As cited before, this avoids issues with XML namespaces from my TSQL below.

 DECLARE @Xml Xml
Set @Xml='{paste here}'
Select ColName,Count(1) FROM
(SELECT node.value('(.)[1]','sysname') as ColName FROM @Xml.nodes('//Statistics/Column') as Ref(node)) DTA
GROUP BY ColName
ORDER BY COUNT(1) DESC

Which produced results similar to those shown below.

clip_image002

The first column is the column name and the second one is the number of tables it occurs on.
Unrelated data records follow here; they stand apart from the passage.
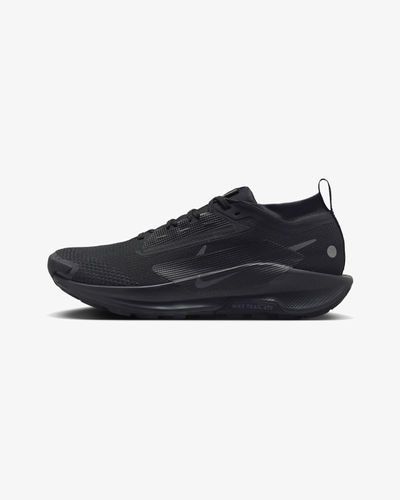 Nike Pegasus Trail 5 GORE-TEX Black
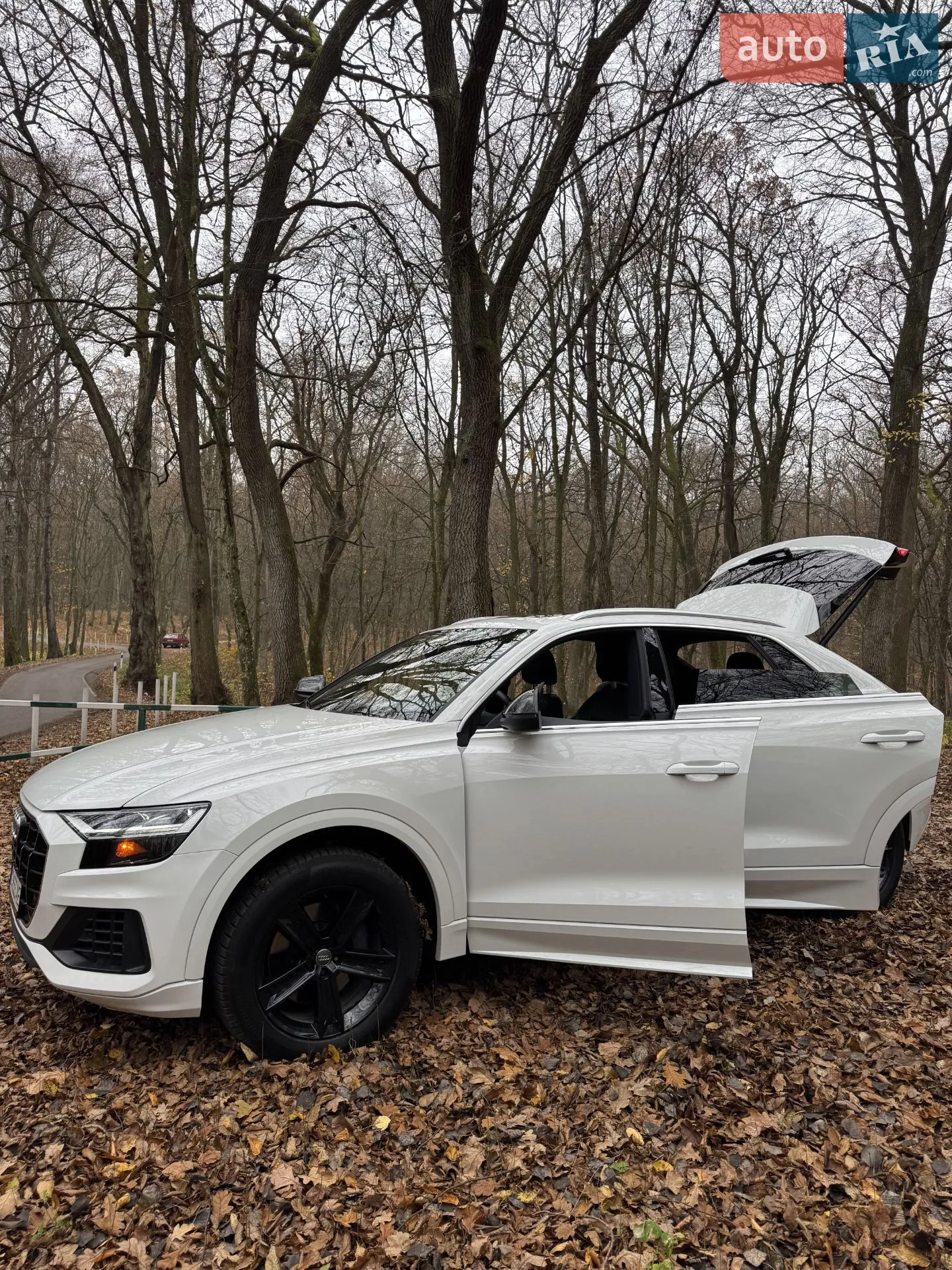 2018 Audi Q8 - мініатюра 15
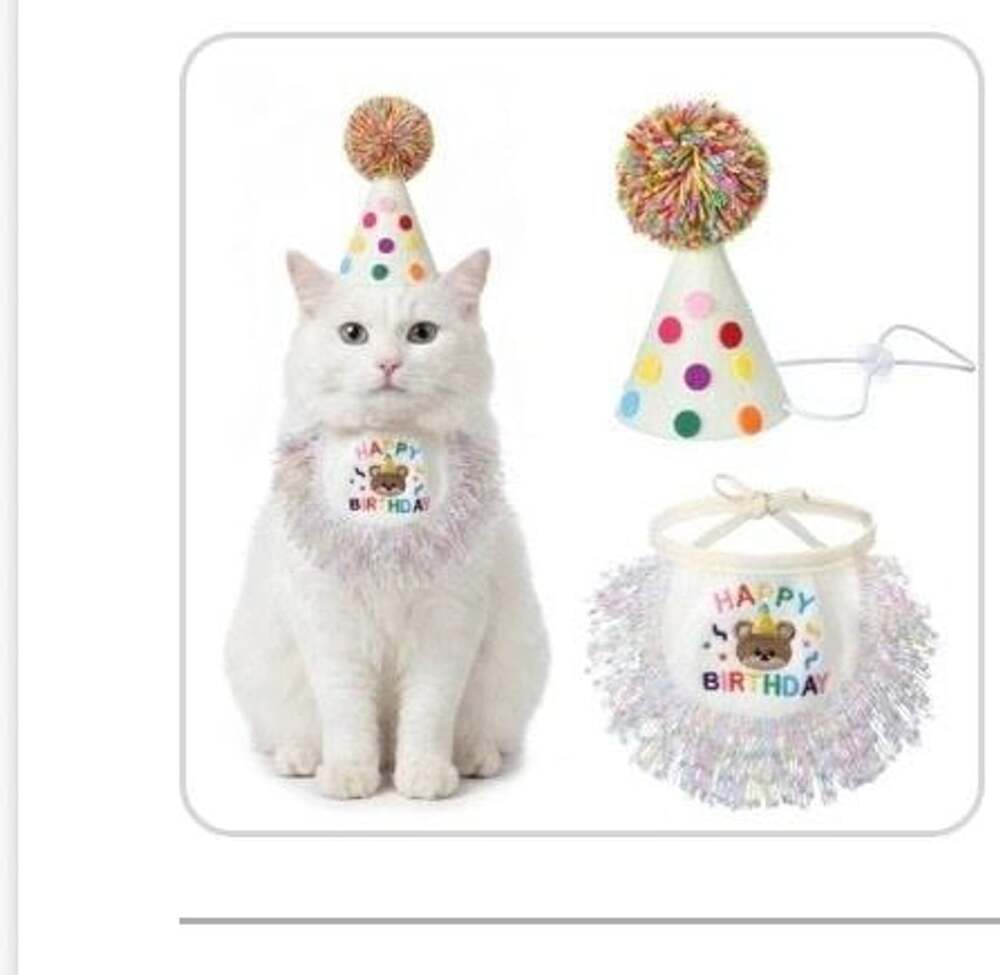Fiyooau Cat Birthday Hat and Bandana Set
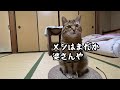 早朝5時半に始まる元野良猫の起こし方に困惑してます…汗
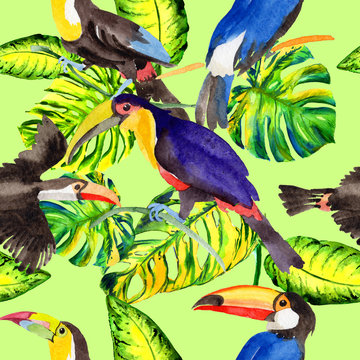 Sky bird toucan pattern in a wildlife by watercolor style. Wild freedom, bird with a flying wings. Aquarelle bird for background, texture, pattern, frame, border or tattoo.
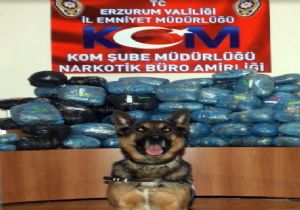 ERZURUM'DA UYUŞTURUCU OPERASYONU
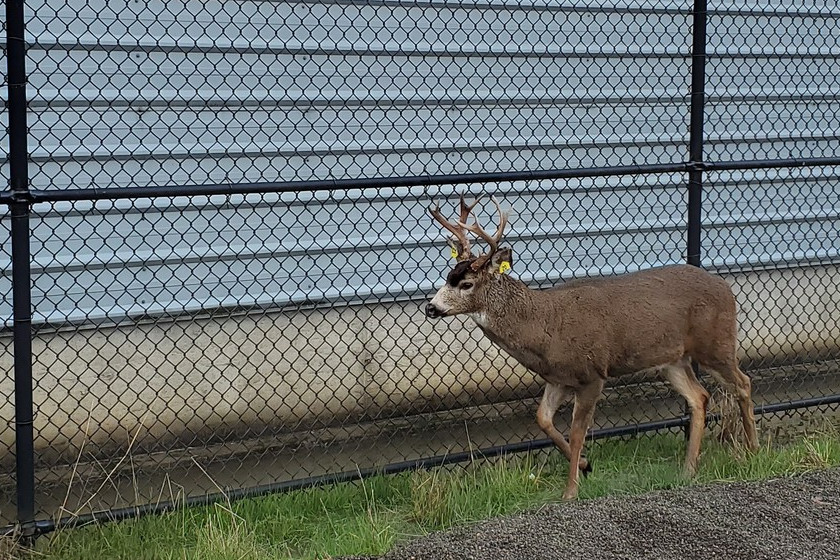 Buck Tangled in Christmas Lights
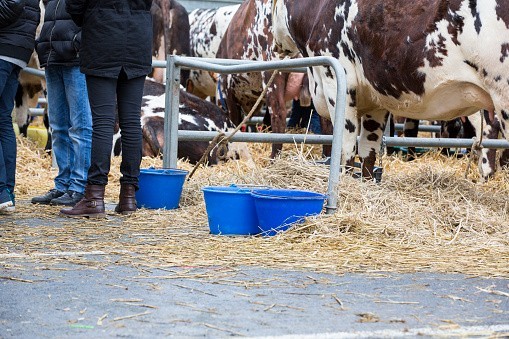 Monde agricole : ces suicides que l'on tait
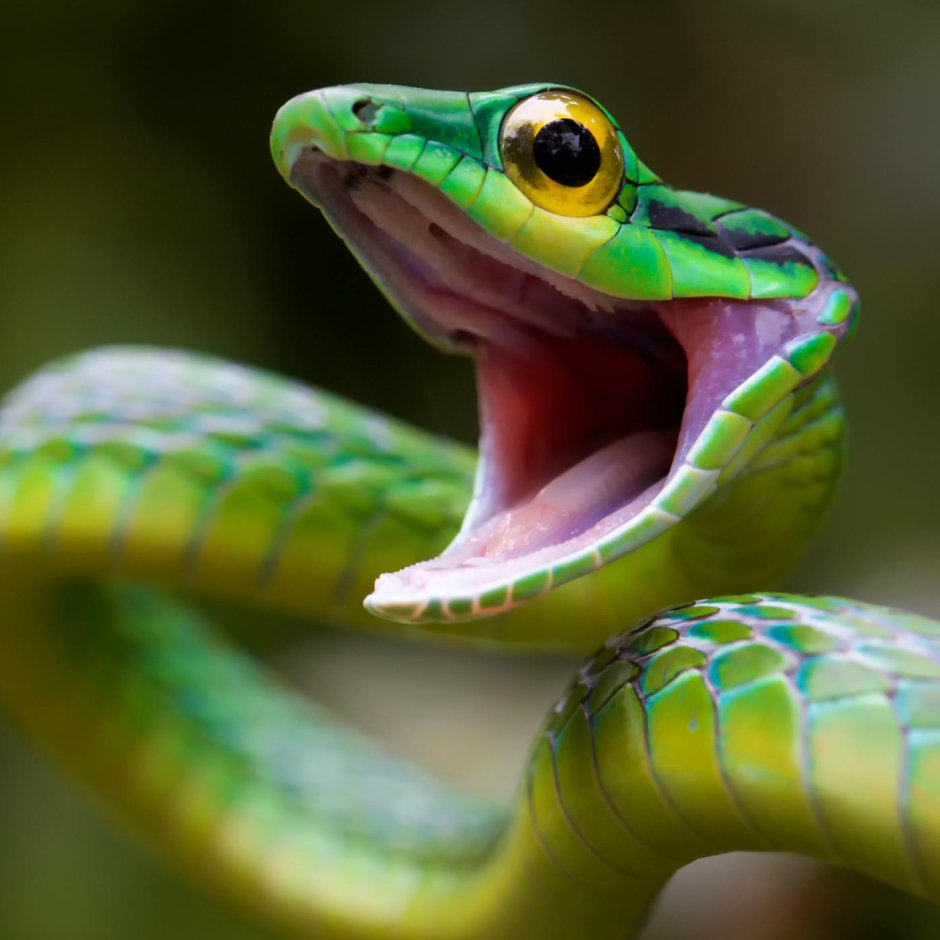 Morelia viridis Jayapura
The stored procedure below creates and then executes TSQL to add statistics across all tables that match the patterns identified in the DTA recommendations. These patterns are modified as follows:

  • Only one statistic is added per table
  • The columns in the statistics are added in the order that they appear in the table

This is a quick reasonable solution. If you have the time, a more detailed analysis is best.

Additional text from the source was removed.